Blog// LGBT Adoptive Parents

Lying and Stealing: Correcting Problem Behaviors

Those who are considering adopting children have hopes for giving children opportunities for new and potentially better life. Most understand that there are challenges to raising children and that adoption can sometimes raise the bar on that challenge a few notches. Some behaviors, such as fighting, yelling and screaming, or using inappropriate language are things that can be expected and hopefully addressed quickly with firm expectations because they are easily noticed and can be resolved promptly, firmly, and fairly. Other behaviors though, such as lying and stealing, are harder to catch and often more frustrating to deal with.

Understanding the Source of the Behavior

Often lying and stealing behaviors can feel like a betrayal to families of adopted children. However, they are part and parcel to children bouncing between families or dealing with life on their own. They are a means of survival. In a world where you are smaller and weaker than the adults around you, and you have no sure support system, deception is how you provide for yourself and protect yourself. In orphanages and group homes, children often do not have personal possessions. Taking from others is often perceived as a normal way of getting what you need. Lying gets you out of harm's way. These are unfortunate ways of dealing with adverse situations.

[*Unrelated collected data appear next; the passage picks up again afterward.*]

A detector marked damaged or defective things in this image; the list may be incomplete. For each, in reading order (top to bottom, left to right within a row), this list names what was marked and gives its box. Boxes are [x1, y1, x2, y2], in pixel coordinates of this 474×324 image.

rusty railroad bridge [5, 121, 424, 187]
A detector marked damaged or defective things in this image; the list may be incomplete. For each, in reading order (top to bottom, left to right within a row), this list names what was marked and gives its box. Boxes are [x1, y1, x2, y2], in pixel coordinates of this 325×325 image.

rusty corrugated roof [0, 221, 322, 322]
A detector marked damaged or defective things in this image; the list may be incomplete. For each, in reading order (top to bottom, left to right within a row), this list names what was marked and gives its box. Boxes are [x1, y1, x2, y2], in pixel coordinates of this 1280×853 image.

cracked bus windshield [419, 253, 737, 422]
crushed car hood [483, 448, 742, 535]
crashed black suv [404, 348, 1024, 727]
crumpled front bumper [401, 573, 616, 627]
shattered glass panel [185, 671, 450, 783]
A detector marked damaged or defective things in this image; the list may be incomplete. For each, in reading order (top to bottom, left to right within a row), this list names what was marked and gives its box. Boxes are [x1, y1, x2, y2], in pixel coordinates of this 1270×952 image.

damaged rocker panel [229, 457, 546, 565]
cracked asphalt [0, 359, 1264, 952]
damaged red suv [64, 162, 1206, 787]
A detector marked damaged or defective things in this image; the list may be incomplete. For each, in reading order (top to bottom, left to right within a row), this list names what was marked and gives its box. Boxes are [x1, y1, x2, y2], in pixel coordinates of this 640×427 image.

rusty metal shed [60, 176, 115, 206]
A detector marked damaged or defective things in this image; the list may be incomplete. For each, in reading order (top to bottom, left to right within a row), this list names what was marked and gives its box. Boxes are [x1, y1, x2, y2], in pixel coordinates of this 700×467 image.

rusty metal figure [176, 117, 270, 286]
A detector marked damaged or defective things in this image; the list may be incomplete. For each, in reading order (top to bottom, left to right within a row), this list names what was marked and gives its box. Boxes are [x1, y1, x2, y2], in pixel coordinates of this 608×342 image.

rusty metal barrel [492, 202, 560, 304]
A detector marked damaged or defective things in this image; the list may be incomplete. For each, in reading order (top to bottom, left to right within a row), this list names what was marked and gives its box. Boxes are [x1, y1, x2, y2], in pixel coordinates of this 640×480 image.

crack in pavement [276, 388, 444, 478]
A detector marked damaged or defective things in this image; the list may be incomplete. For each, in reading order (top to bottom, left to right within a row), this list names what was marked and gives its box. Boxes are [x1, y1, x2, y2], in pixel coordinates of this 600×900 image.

Those perspectives on life do not change with a change of home, and they most certainly do not change overnight. If you approach these behaviors from the perspective of a child merely being selfish and punish them, you will miss out on an opportunity for bonding with the child, making them feel safe in your home, and you may inadvertently reinforce the bad behavior you are trying to stop. You need to understand that your child views the world as a place where there is not enough food for everyone. In their mind, asking you for food means you will go hungry to feed them. The idea that there is more than enough food may not be something they have ever experienced, or know how to respond to.

The same concept applies to other items like toys, clothes, or other personal items. Although they may have been forced to share things with others, it may not have been handled well, and they may have experiences of their personal items being lost or broken after sharing them with others. They may have unhealthy attachments to personal items because they have never had them before and are afraid to lose them.

How can you help your child work through these behaviors?

It is fear and scarcity that motivate stealing and lying most often in adopted children. One way to encourage a view of abundance, particularly regarding food is to keep good healthy food in the open and invite them to take it whenever they feel like eating. A bowl of fruit that you continue to refill is a good example of this. This could become a daily ritual as well, as you invite them certain times during the day to do this. Remember, they need to believe you won’t run out of food before they will learn to ask you for food themselves. Prove to them that they can eat all they need and you will still have plenty left over. Then teach them to ask for help finding or getting food.

Lying is often caused by a fear of losing what they have, including you as their parent. They may have experienced getting in trouble and losing their homes. To this end, they may deny doing something wrong or feeling in ways that might upset you. Lying and stealing both can also be ways of getting your attention. If they have experienced neglect, they may only know how to get serious attention by misbehaving. Both of these issues can be addressed by giving them regular attention, asking them what they need, and being careful to respond to their requests for help quickly and helpfully.

Discipline and even punishment may have a place in the role of parenting children, but it is essential to recognize that past experiences shape the perspectives of adopted children. If you want to teach them proper behavior, it is vital for you to respond to them in ways that recognize where they have come from, so you can better lead them to a brighter future.